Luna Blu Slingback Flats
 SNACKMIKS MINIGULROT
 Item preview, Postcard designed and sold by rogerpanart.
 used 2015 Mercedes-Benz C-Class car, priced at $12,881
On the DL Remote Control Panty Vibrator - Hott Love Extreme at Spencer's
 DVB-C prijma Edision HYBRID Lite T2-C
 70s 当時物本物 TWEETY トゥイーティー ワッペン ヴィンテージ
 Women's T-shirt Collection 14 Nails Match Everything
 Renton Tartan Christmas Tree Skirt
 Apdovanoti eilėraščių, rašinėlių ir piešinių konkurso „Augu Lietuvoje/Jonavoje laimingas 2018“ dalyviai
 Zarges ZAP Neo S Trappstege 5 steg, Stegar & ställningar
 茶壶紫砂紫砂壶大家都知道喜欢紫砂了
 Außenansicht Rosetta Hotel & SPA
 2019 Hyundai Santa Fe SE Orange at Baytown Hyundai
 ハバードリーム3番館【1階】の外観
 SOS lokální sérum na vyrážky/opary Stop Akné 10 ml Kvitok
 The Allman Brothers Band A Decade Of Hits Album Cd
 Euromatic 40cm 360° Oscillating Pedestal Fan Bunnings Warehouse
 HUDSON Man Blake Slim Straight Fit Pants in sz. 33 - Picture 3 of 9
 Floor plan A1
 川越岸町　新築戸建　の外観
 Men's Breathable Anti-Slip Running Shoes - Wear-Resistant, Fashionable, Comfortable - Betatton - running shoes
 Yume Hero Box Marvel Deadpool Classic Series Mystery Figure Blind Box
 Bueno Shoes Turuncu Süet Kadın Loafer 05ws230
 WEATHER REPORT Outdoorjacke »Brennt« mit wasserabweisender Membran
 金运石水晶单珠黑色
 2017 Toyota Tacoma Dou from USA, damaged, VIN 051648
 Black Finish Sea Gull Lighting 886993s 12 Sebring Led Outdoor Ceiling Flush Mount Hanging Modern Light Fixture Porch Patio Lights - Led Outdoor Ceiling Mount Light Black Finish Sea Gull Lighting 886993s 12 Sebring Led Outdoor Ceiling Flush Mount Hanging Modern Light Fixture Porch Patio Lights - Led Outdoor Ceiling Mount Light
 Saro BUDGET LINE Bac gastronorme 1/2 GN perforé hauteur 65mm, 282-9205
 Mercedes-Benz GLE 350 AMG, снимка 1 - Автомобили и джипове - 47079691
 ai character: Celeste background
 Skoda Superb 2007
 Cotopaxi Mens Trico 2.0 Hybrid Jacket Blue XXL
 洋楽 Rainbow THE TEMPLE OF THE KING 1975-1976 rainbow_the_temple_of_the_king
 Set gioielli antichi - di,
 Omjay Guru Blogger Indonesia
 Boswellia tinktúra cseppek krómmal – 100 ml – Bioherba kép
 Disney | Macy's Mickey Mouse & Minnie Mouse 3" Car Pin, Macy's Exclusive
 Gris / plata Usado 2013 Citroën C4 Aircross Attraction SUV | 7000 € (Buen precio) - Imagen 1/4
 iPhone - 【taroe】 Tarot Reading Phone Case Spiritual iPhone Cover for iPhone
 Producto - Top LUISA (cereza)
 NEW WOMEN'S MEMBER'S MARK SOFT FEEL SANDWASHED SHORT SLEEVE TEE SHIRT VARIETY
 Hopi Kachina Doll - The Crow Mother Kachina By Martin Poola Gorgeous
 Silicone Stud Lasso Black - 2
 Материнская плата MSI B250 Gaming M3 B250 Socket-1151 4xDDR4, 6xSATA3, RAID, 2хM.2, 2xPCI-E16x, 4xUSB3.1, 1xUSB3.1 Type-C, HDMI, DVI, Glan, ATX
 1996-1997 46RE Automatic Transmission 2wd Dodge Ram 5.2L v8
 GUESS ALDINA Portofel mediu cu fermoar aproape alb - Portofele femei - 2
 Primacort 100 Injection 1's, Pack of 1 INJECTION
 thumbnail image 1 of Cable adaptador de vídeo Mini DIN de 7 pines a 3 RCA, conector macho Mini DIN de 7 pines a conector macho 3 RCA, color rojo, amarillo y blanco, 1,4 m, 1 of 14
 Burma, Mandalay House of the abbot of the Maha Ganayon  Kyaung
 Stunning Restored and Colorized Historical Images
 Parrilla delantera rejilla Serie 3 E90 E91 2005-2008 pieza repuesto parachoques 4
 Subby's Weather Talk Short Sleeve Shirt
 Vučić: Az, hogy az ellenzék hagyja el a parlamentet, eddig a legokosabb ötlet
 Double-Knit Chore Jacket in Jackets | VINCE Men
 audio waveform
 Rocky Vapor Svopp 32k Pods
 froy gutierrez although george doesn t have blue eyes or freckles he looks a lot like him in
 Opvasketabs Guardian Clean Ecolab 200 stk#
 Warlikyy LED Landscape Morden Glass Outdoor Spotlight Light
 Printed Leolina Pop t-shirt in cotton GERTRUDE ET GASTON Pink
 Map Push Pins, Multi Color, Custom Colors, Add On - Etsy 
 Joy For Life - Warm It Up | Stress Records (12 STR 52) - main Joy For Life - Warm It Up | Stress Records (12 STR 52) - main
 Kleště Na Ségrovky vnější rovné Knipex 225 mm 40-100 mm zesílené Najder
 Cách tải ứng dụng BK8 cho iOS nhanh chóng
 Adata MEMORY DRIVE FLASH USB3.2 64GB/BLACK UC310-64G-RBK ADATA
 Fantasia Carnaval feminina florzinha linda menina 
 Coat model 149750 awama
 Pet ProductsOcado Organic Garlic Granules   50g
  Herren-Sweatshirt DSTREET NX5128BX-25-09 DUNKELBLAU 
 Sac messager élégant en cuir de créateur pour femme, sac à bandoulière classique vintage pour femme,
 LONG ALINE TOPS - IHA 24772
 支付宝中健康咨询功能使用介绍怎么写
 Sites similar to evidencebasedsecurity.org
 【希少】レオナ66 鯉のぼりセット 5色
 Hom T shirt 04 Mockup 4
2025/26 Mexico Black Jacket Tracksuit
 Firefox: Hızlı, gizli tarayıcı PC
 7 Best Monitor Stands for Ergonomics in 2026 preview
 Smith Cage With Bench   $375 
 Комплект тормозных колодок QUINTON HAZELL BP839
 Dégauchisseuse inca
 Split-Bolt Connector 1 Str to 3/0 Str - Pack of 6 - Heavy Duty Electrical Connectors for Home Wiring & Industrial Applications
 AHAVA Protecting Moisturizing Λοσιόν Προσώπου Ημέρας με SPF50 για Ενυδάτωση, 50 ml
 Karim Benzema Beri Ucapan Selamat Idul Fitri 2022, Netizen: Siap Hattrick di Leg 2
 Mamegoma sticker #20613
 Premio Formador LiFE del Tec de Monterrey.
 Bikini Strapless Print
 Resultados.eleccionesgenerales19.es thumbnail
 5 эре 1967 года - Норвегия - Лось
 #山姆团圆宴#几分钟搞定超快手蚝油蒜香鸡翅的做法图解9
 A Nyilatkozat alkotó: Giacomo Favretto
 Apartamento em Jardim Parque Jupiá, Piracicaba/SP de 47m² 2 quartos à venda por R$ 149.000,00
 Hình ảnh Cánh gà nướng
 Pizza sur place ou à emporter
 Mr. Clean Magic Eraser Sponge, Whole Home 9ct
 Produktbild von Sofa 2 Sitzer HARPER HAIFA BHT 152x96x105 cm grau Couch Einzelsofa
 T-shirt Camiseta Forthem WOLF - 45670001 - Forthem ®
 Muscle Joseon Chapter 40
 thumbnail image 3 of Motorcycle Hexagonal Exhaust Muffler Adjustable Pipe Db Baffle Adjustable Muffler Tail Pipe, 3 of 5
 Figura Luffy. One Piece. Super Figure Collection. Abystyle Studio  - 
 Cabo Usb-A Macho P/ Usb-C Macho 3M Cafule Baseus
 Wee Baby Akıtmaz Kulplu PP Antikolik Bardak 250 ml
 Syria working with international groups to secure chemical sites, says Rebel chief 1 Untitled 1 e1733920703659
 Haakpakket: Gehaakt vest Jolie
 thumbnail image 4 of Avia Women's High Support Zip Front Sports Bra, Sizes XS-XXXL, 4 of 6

════════

◆ Goal of the exercise: Starting with the line that holds "Материнская плата MSI" and ending with the line that holds "Burma, Mandalay House", retype every line in the data above exactly, and nothing else.

◆ Your response:
 Материнская плата MSI B250 Gaming M3 B250 Socket-1151 4xDDR4, 6xSATA3, RAID, 2хM.2, 2xPCI-E16x, 4xUSB3.1, 1xUSB3.1 Type-C, HDMI, DVI, Glan, ATX
 1996-1997 46RE Automatic Transmission 2wd Dodge Ram 5.2L v8
 GUESS ALDINA Portofel mediu cu fermoar aproape alb - Portofele femei - 2
 Primacort 100 Injection 1's, Pack of 1 INJECTION
 thumbnail image 1 of Cable adaptador de vídeo Mini DIN de 7 pines a 3 RCA, conector macho Mini DIN de 7 pines a conector macho 3 RCA, color rojo, amarillo y blanco, 1,4 m, 1 of 14
 Burma, Mandalay House of the abbot of the Maha Ganayon  Kyaung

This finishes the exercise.